Eu não entendi o que havia acontecido, e nem queria, foi só quando eu cheguei em casa que notei que nunca mais receberia um beijo de boa noite. Toda a família reunida no funeral era da minha mãe, afinal meu pai é russo e seus parentes não pegariam um voo de muitas horas pra ver ela sendo cremada, mas depois desse dia nenhum dos parentes brasileiros quis manter nenhum tipo de contato comigo e meu pai, tudo ficou meio cinza, era bom passar tardes na casa da minha avó materna, comer bolo e assistir televisão aberta.

Sabe quando dizem que você só conhece algo quando realmente convive com isso?
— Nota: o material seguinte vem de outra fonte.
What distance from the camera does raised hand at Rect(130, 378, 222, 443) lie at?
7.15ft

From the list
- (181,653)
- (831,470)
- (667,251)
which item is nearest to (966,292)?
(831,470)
Aos 14 anos eu conheci a morte, foi quando meu pai resolveu que deveríamos nos aproximar dos parentes russos. Eu não sei se sou exatamente o tipo de pessoa que curte novas experiências, muitos jovens só querem viajar pro máximo de lugares possíveis, não sou um deles, mas eu até fiquei animado com a ideia de passar um mês na Rússia, porque nem estava acontecendo nada demais na minha vida.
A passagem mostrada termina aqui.